Mystery author gets cozy in Sunriver
Published 12:00 am Thursday, August 2, 2018
- Arlene Sachitano will discuss her work, quilting and knitting at an event on Saturday at Sunriver Books & Music. (Submitted photo).
Arlene Sachitano had always planned to follow in the footsteps of her literary idol, Agatha Christie, and write mystery novels. But she spent 30 years working in the electronics industry and raising a family before she published her first book, “Chip and Die,” in 2003.
Since then, Sachitano has made up for lost time, releasing 12 more cozy mysteries. Her latest novel, “Quilts Make a Family,” is the 11th installment in the Harriet Truman/Loose Threads series.

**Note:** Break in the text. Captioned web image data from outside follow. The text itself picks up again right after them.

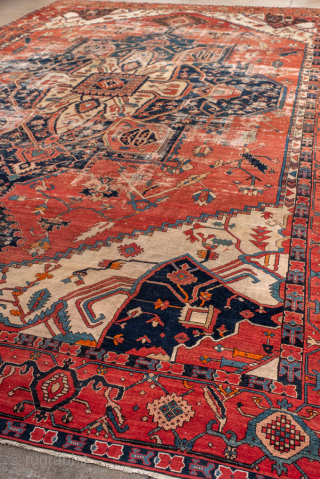 Antique Persian Serapi Carpet, Circa 1900. Features a commanding cruciform medallion set within a richly abrashed terracotta field framed by ivory spandrels and a bold geometric border.
12'8" x 18'10"
Item No: 99818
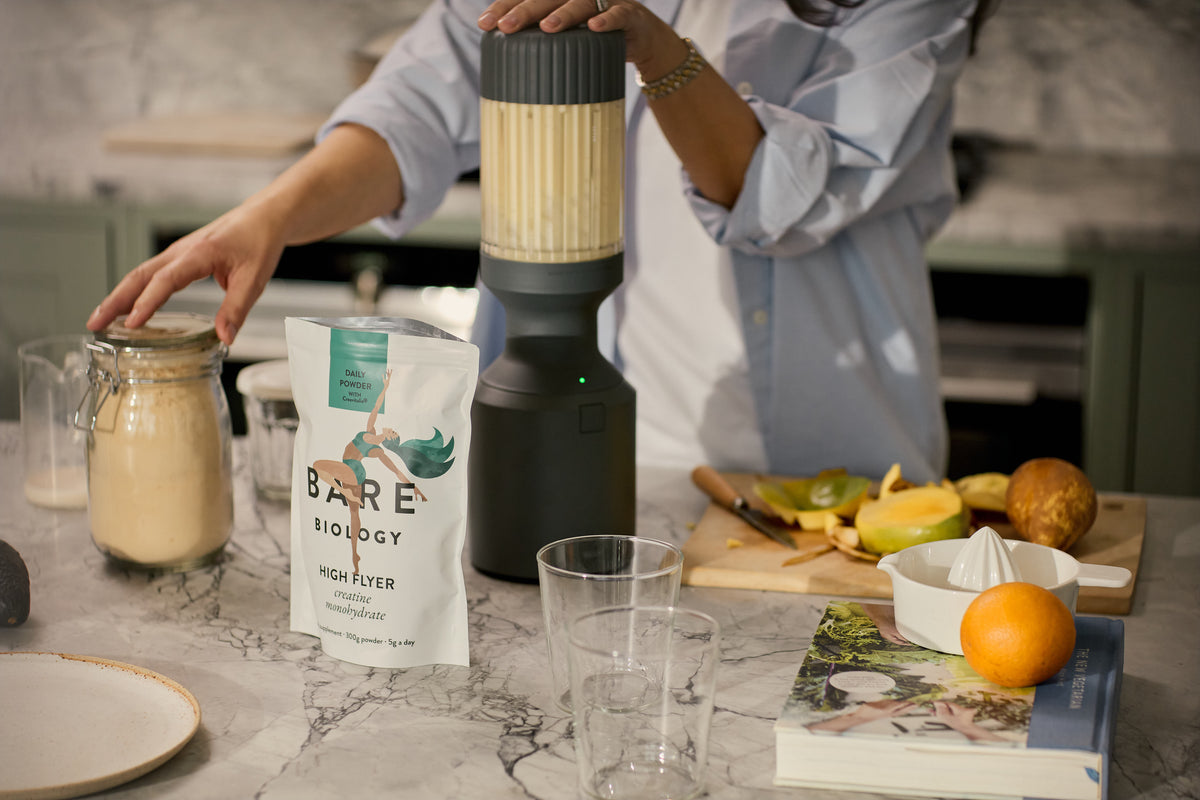 Person using a blender with smoothie ingredients on a kitchen counter, including a jar of cream and a package labeled 'Bare Biology'.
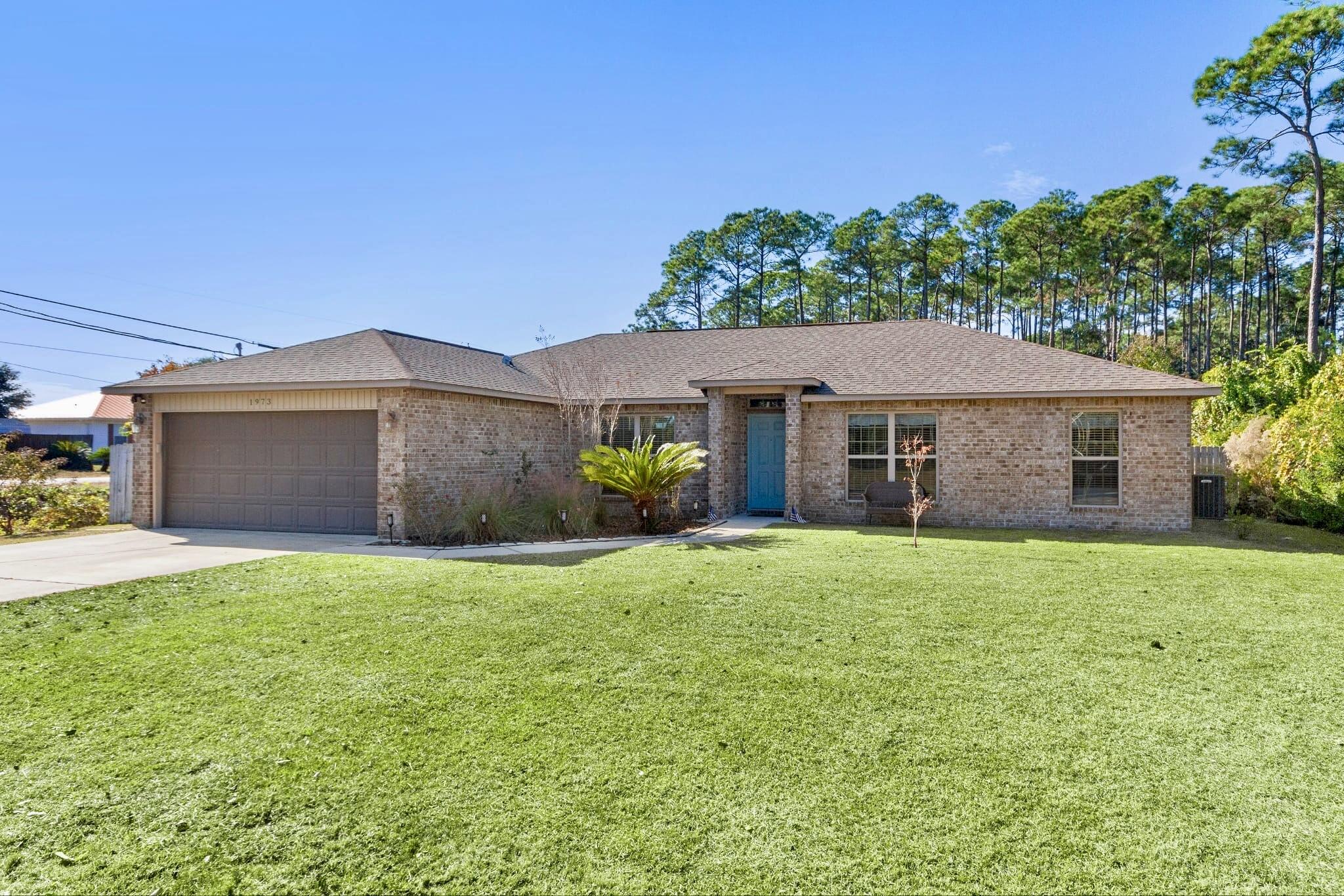 Beautifully maintained 4BR/2BA home in the heart of Navarre offering comfort, style, and convenience with NO HOA. The bright, airy kitchen showcases white cabinets, clean lines, and granite counters, opening to a cozy split floor plan with durable vinyl flooring and plush carpet in bedrooms. Currently a successful themed Airbnb, this property is ideal as a turnkey investment or move-in ready home. Outdoor living shines with nearly a half acre lot, an above-ground pool, swing set, patio and pavilion with a recently installed privacy fence. Perfectly located near Navarre's sugar-white beaches, I-10, shopping, dining, and Hurlburt Field, this meticulously kept home offers a rare combination of lifestyle, income potential, and location.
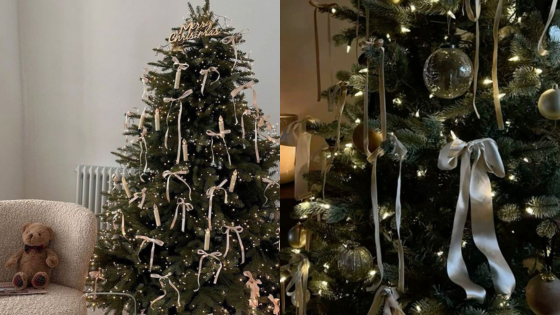 Christmas tree with elegant ribbons and lights next to a cozy chair and teddy bear.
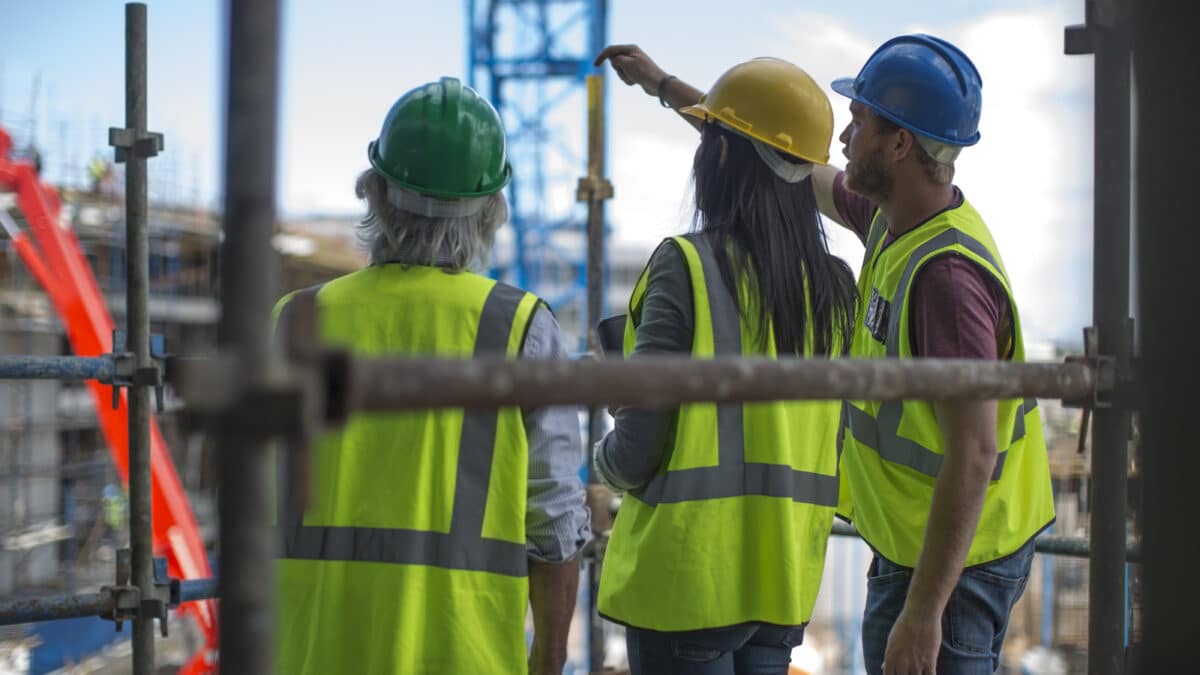 Construction worker talking to man and woman on a construction site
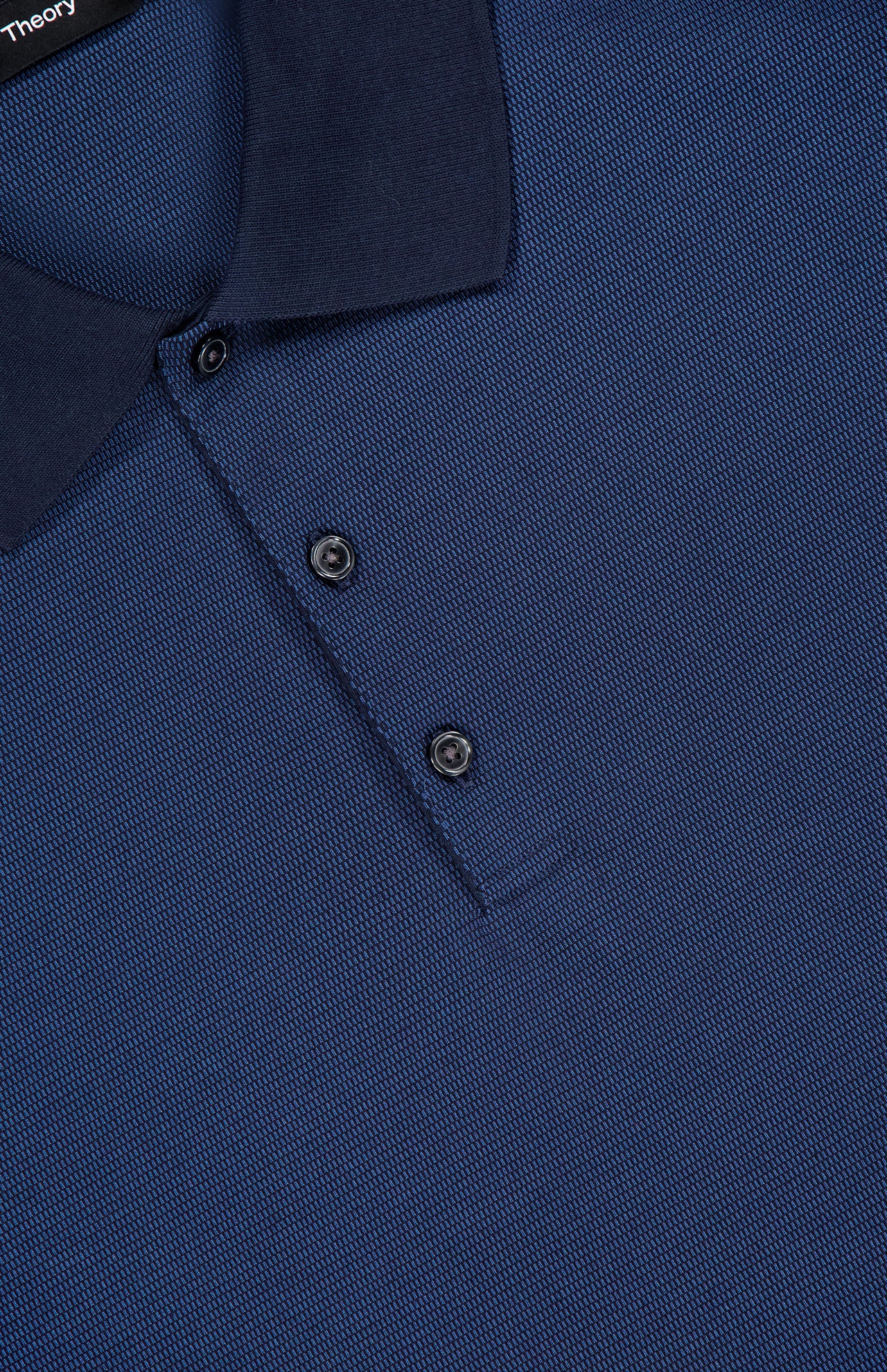 Close-up of the Jacquard Geo Polo Shirt by THEORY, a textured cotton navy blue slim fit polo featuring a subtle geometric pattern, dark collar, two black buttons, and "THEORY" partially visible on the collar tag.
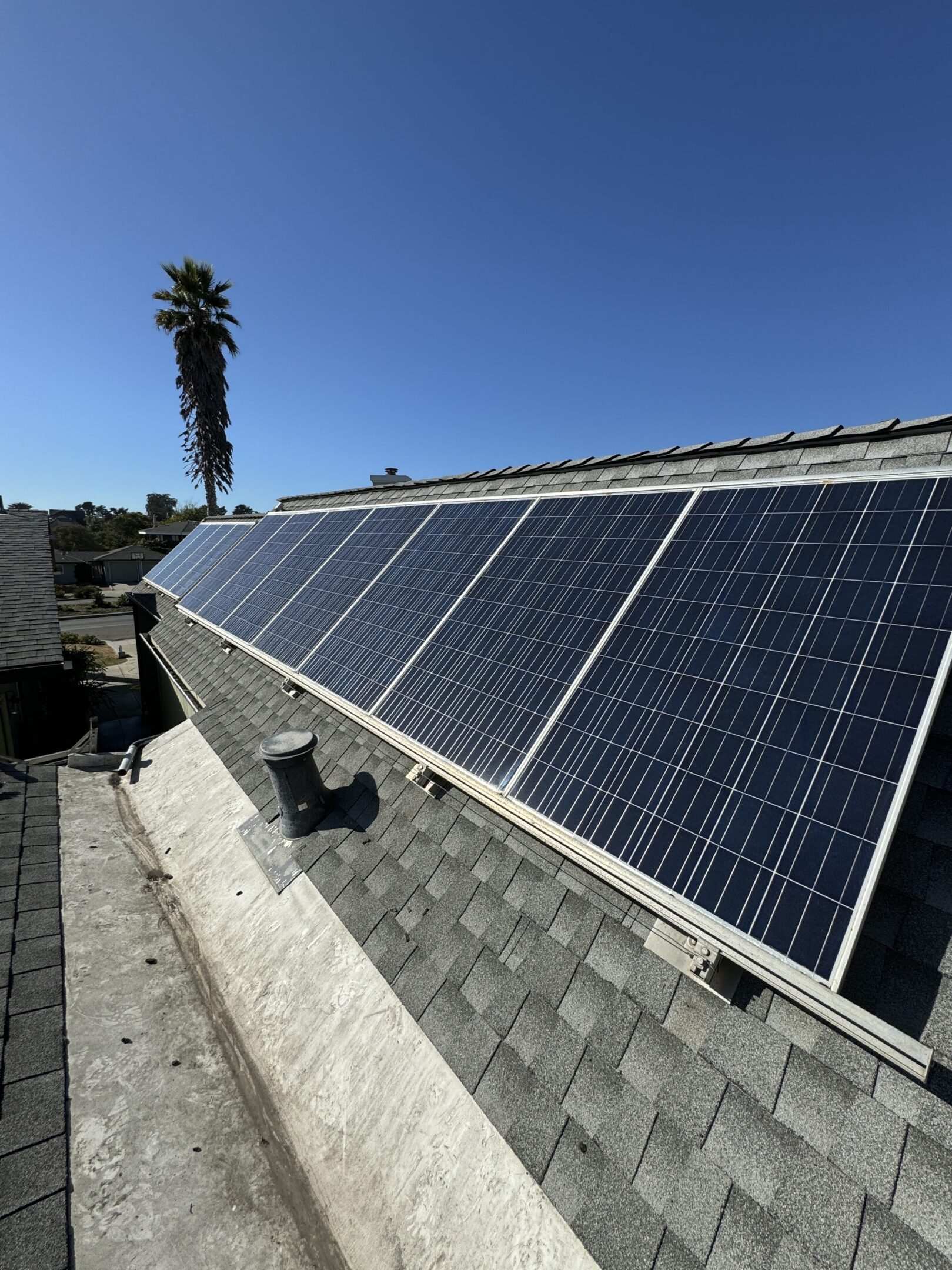Solar panels on a rooftop under sunlight.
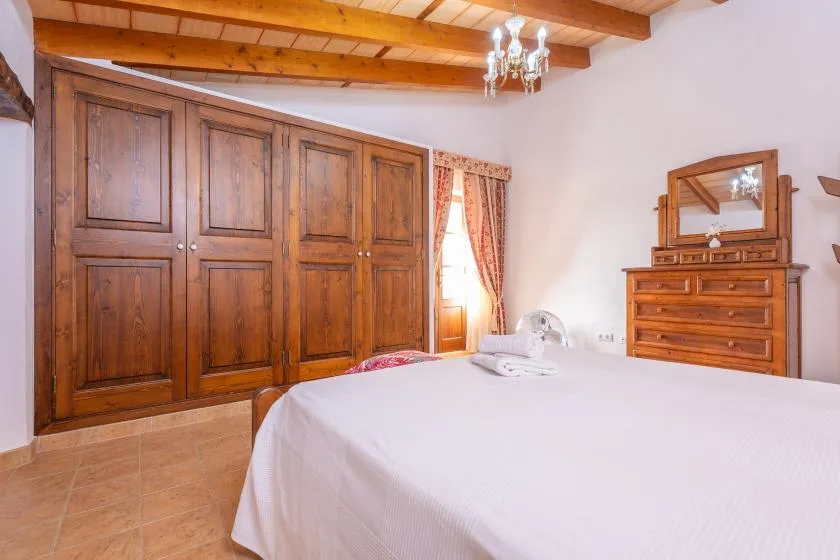Un dormitorio con una cama, armarios de madera y una cómoda.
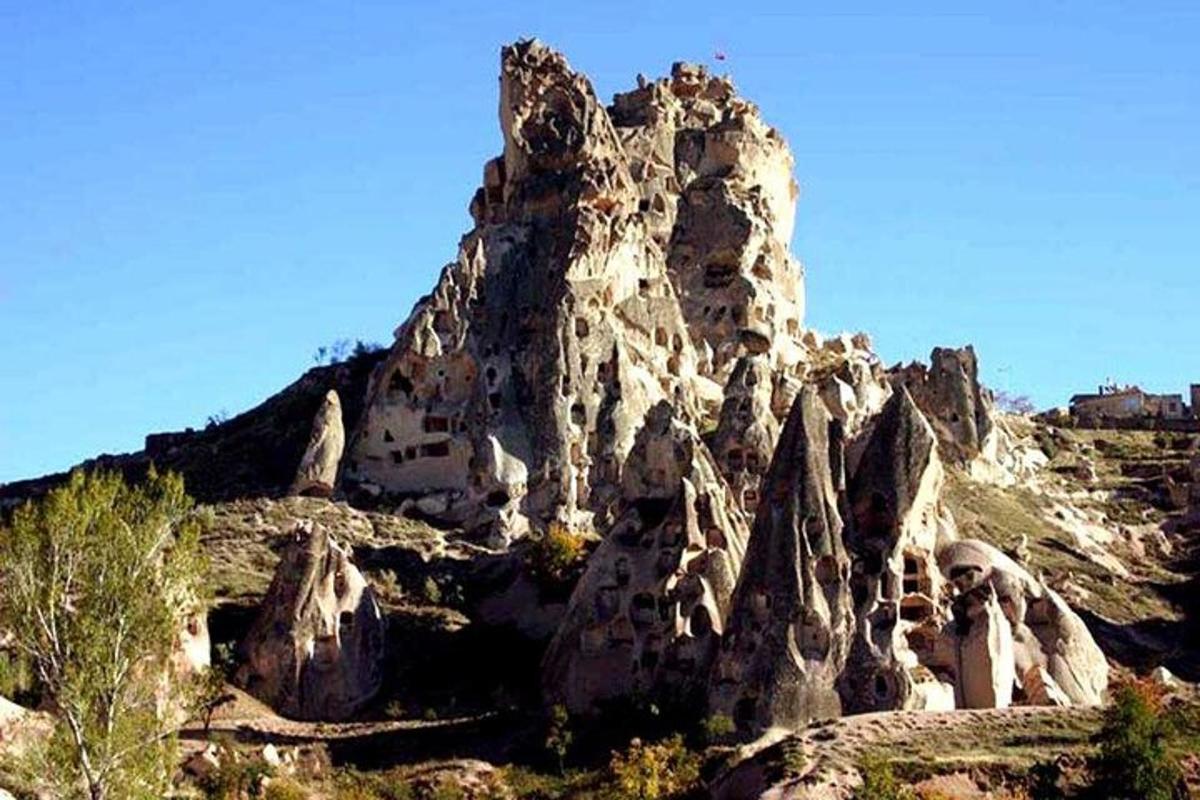a large rock formation on top of a mountain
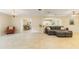 Open-concept living area connecting the dining space and kitchen, offering a spacious and inviting atmosphere at 39721 Meadowood Loop, Zephyrhills, FL 33542
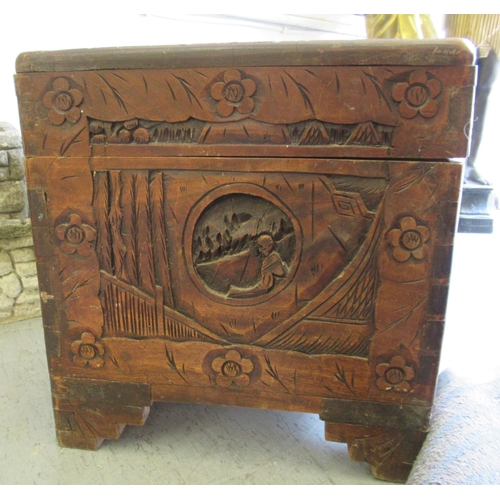 231 - A mid 20thC Chinese camphorwood chest, ornately carved with landscapes, raised on bracket feet  15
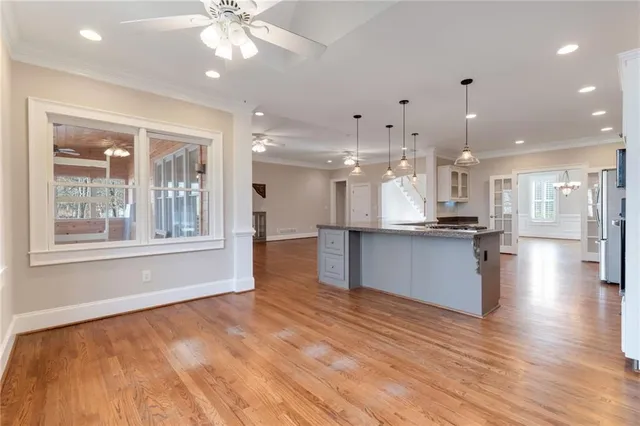 an empty room with windows and ceiling fan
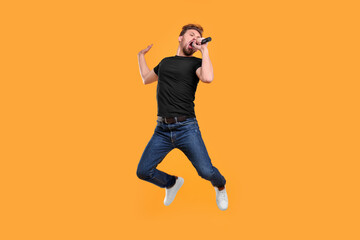 Fototapeta premium Handsome man with microphone singing and jumping on yellow background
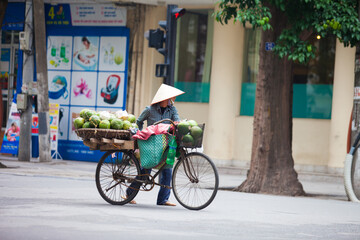 Fototapeta na wymiar Hanoi, Vietnam - November 21, 2019: Street vendors are hurriedly cycling across the street to find customers in the small neighborhood in Hanoi, Vietnam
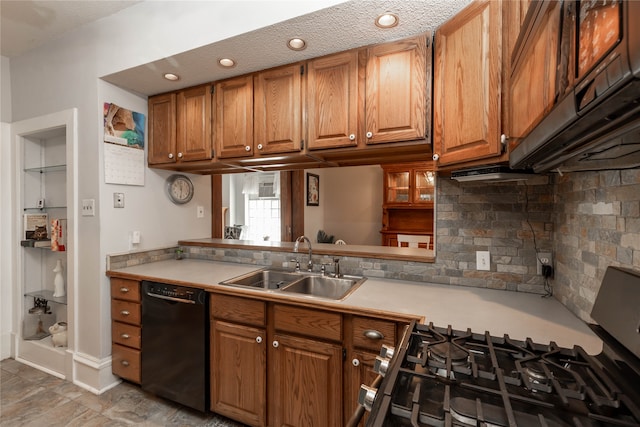 kitchen featuring tasteful backsplash, sink, a textured ceiling, light tile patterned floors, and black dishwasher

Sachitano will discuss the book at an event in Sunriver on Saturday.
“I’d always been interested and always knew I was going to write,” Sachitano said. “Even in my high-tech work, I was given a lot of writing tasks because I could write so much better than many of the people around me.”
Career transition
As her children reached high school age, Sachitano began taking writing classes at Portland Community College. This led to her participation in a project where she and several classmates wrote a mystery that was serialized and published over nine months in a community newspaper. She also joined Portland’s Harriet Vane chapter of the Sisters in Crime mystery writers organization.
It was through that group that Sachitano spotted a posting about a small science fiction publisher looking to add some mystery authors to its catalog. She had written the manuscript for “Chip and Die” during an advanced mystery writing class and since it was set in the high-tech world, thought it might fit the bill. That publisher, Zumaya Publications, liked Sachitano’s story and agreed to publish it.
Sachitano is also a keen knitter, sewer and quilter. While she was waiting for “Chip and Die” to be released, a story book quilt group asked her to write a story for them to theme their next quilt around. Quilters in the group received a chapter of the story each month, along with a pattern and fabric for a block in the themed quilt that provided clues to solve the mystery.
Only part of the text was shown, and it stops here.